Let our function be $\exp(g(z))$, where $g(z)=\frac{4\sin^4(z/2)}{z^4}$. Note that $g(z)=\frac{1}{4}\left(\frac{\sin(z/2)}{z/2}\right)^4.$ But $\lim_{z\to 0}\frac{\sin(z/2)}{z/2}=1$ It follows that $\lim_{z\to 0} \,\exp(g(z))=\exp(1/4).$ So although there is a singularity at $0$, it is indeed removable by defining a new function which agrees with our function everywhere (except $0$ of course) and is $\exp(1/4)$ at $0$.

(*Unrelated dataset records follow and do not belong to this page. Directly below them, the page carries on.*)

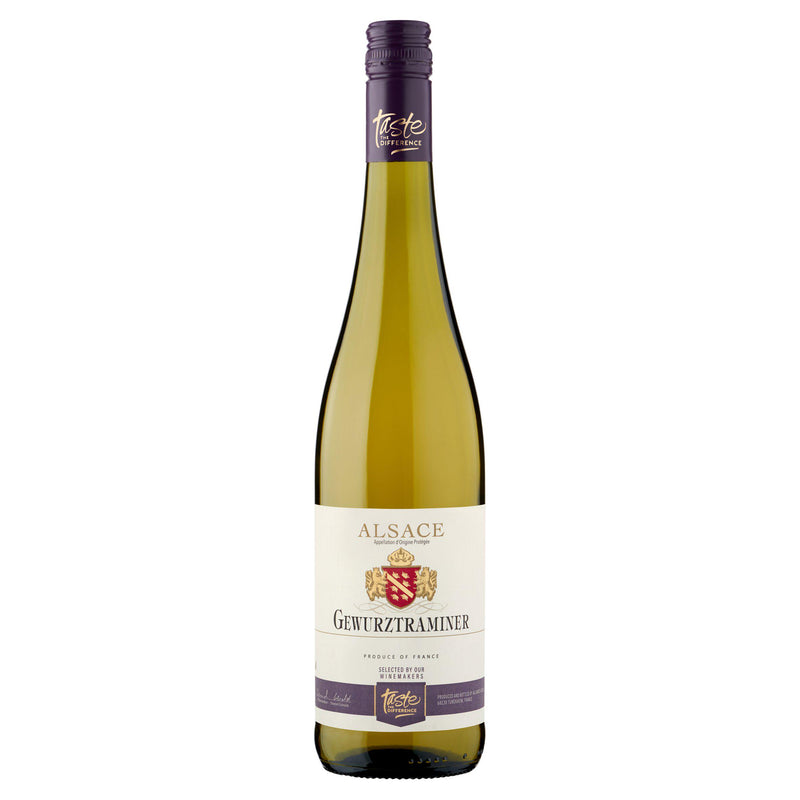 Sainsbury's Taste the Difference Alsace Gewurztraminer white wine 75cl - British product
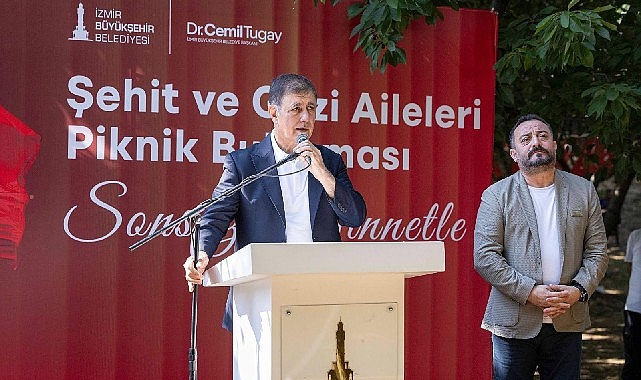 Başkan Tugay, şehit aileleri ve gazilerle buluştu  "Ne yaparsak yapalım hakkınız ödenmez"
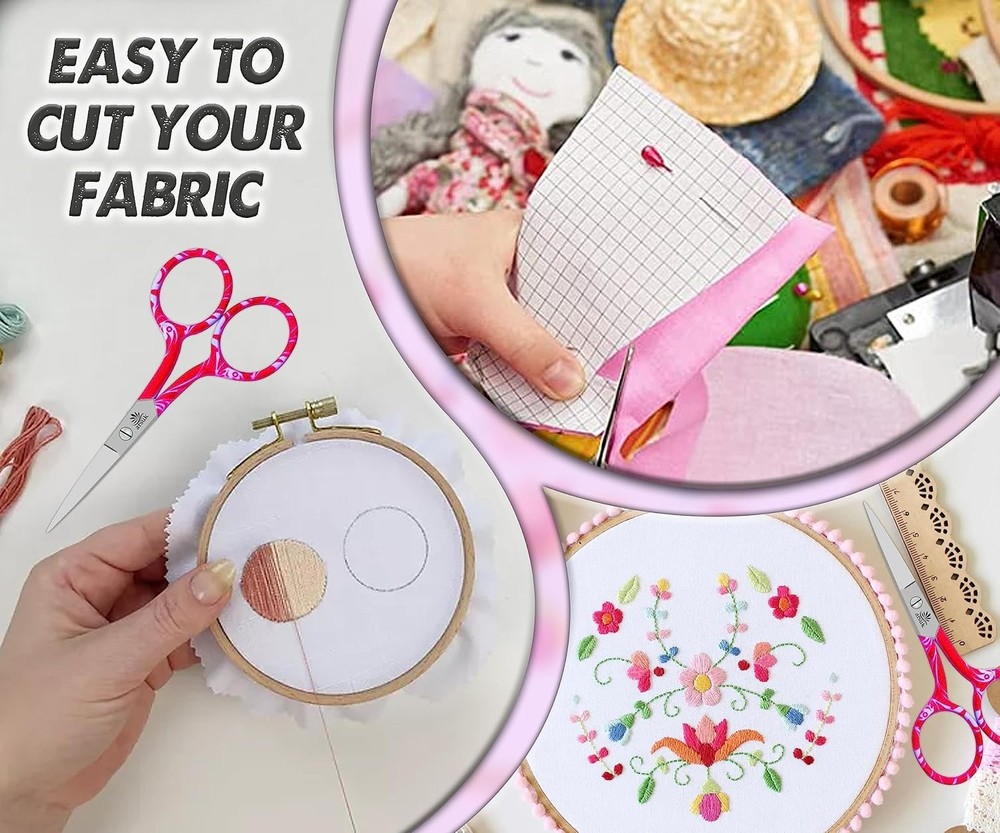 Embroidery Scissors Premium Sharp Multi-Purpose Threading Scissors Cross Stitch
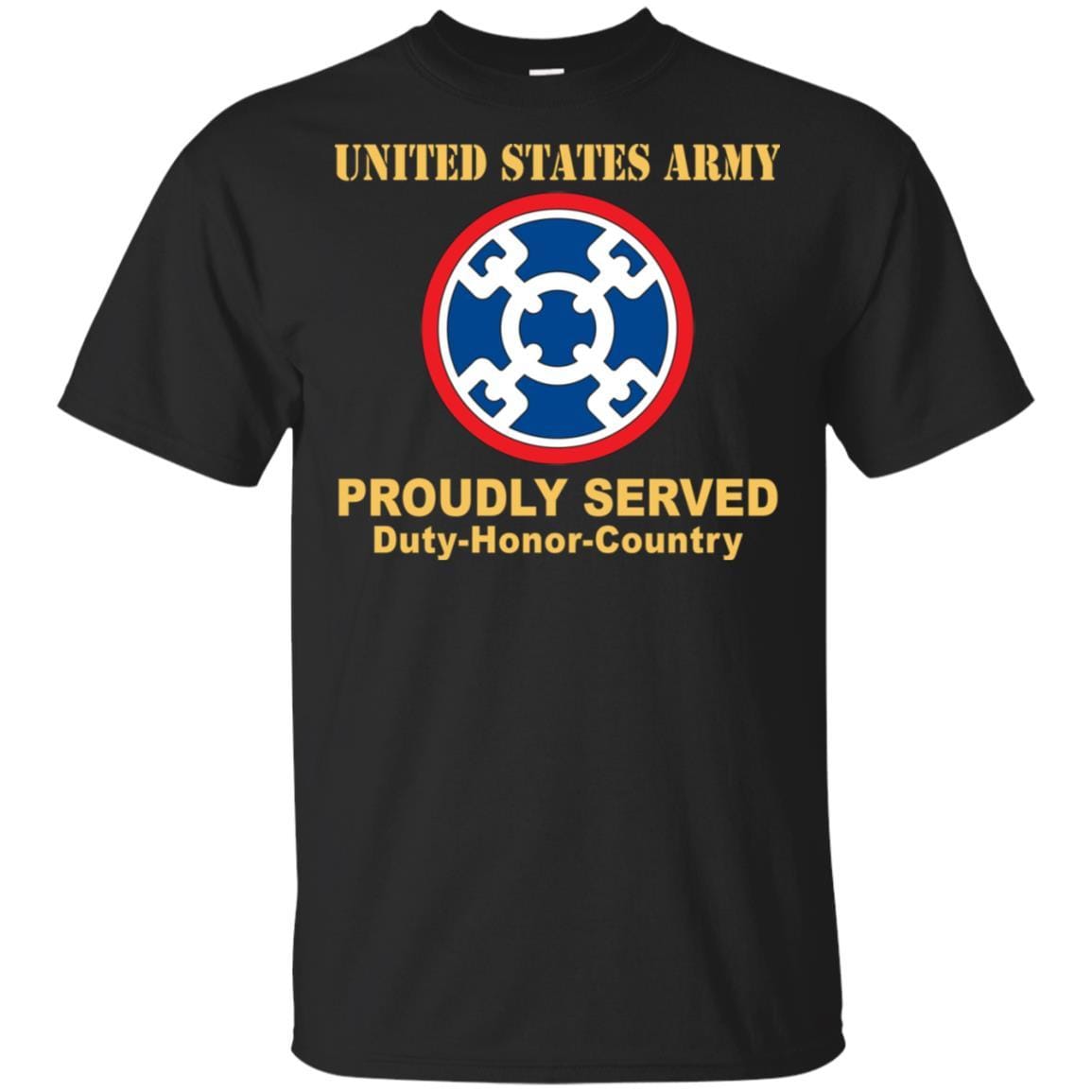 US ARMY 310TH SUSTAINMENT COMMAND- Proudly Served T-Shirt On Front For Men-TShirt-Army-Veterans Nation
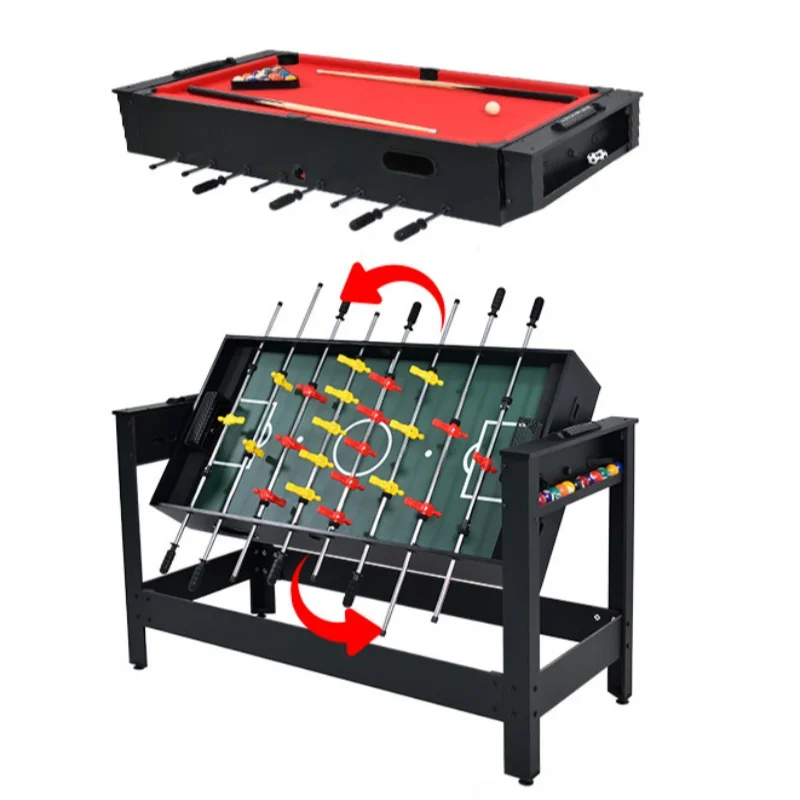 

2-in-1 Foosball Billiard Table Complete Full Accessories Vemas Multi Game Table Indoor Leisure Entertainment Equipment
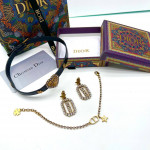 Комплект Dior (чокер, серьги, браслет)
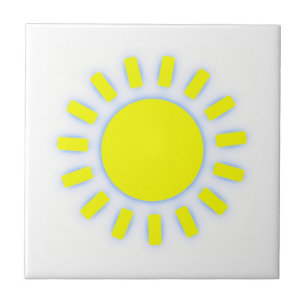 Azulejo De Cerámica Sun brillante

Remark: The limit of $zf(z)$ is indeed $0$, but that has no real connection with the fact that $f(z)$ has a removable singularity at $0$.

  • 0
    @DonAntonio: Yes, at first I assumed the OP's formula was correct, but noticed that there there was a typo in the formula given/2012-07-29
1

I don't understand:

$\cos z=\cos\left(\frac{z}{2}+\frac{z}{2}\right)=\cos^2\frac{z}{2}-\sin^2\frac{z}{2}=1-2\sin^2\frac{z}{2}\Longrightarrow (\cos z-1)^2=4\sin^4\frac{z}{2}\Longrightarrow$ $\Longrightarrow e^\frac{(\cos z-1)^2}{z^4}=e^{\frac{\sin^4z/2}{\left(z^2/2\right)^2}}=e^{g(z)}\,,\,\,\text{with}$

$g(z)=\frac{4\sin^4z/2}{z^4}=\frac{1}{4}\left(\frac{\sin z/2}{z/2}\right)^4$

Thus, $e^{g(z)}\xrightarrow [z\to 0]{} e^{1/4}\Longrightarrow \lim_{z\to 0}\,\,z\,e^{g(z)}=0$

1

Using the power series representation: $\cos(z)-1 = -z^2/2 +z^4/4! - \cdots$ $(\cos(z)-1)^2 = z^4/4 -z^6/4! +z^8/320 - \cdots$ $(\cos(z)-1)^2/z^4 = 1/4 -z^2/4! +z^4/320 - \cdots$ $\lim_{z \to 0} ((\cos(z)-1)^2/z^4) = 1/4 $ $\lim_{z \to 0} f(z) = \exp(1/4) $ Perhaps it is also needed to do statements on the convergence of the occuring series, but I think it is sufficient to say one time, that $\cos(x)$ is entire...